== Stored data ==
+---+
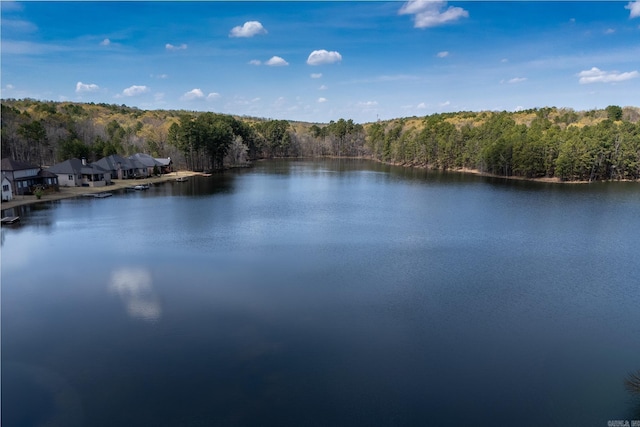 411 Sienna Lake Dr, Little Rock, AR 72210 - view of water feature featuring a wooded view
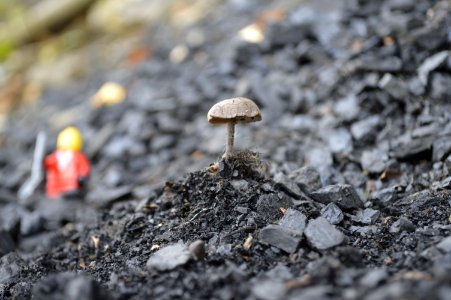 Levanger, Norway, Mushroom
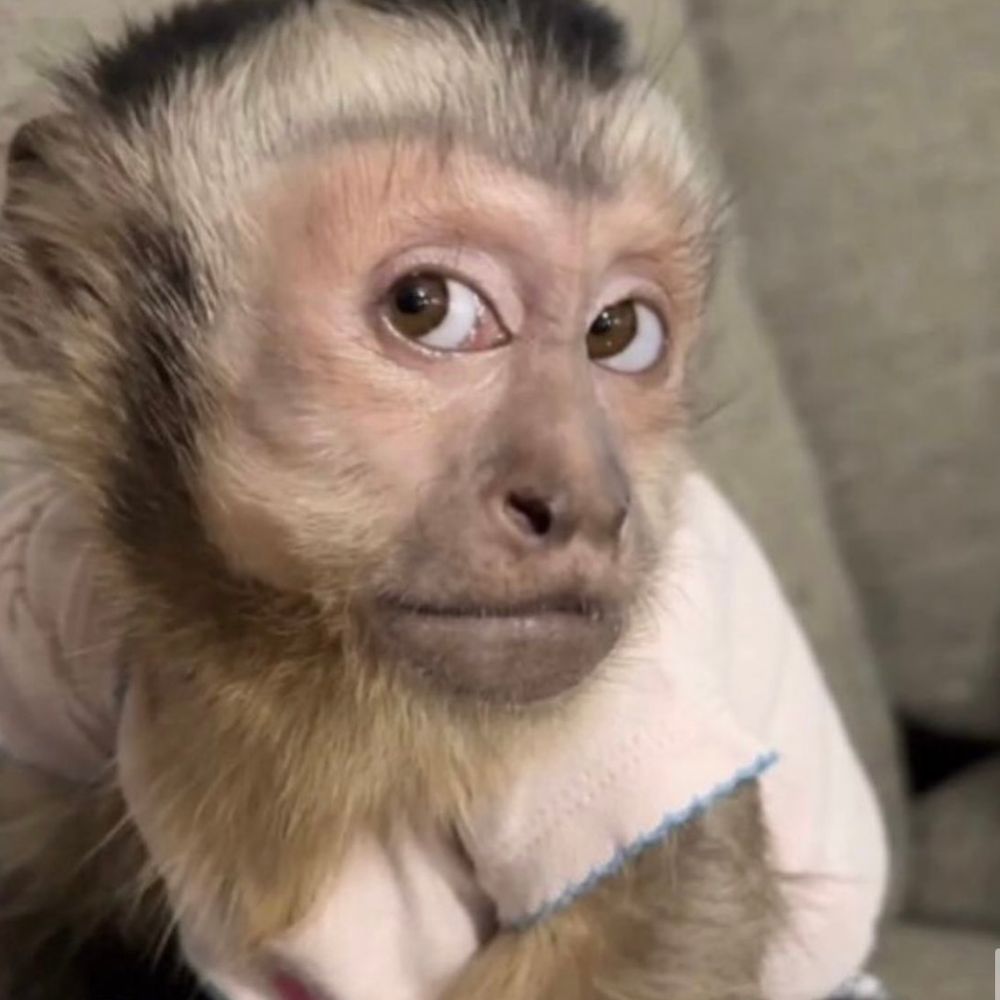 Incognito Monkey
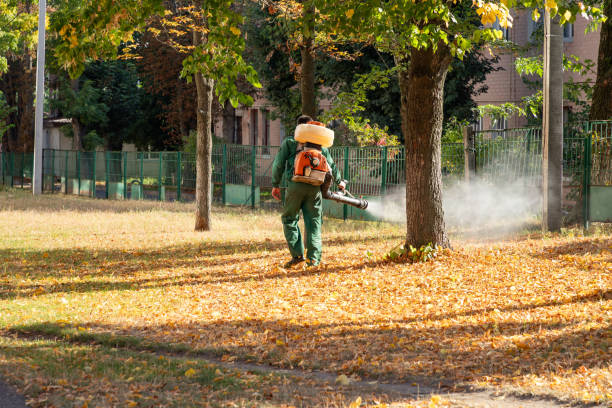 Best Wasp Removal Services  in Country Club Estates, GA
+---+
Exact copy, pictures omitted: every line from the one holding "Levanger, Norway, Mushroom" through the last line of the data above, and nothing else.

== Solution to this task ==
 Levanger, Norway, Mushroom
 Incognito Monkey
 Best Wasp Removal Services  in Country Club Estates, GA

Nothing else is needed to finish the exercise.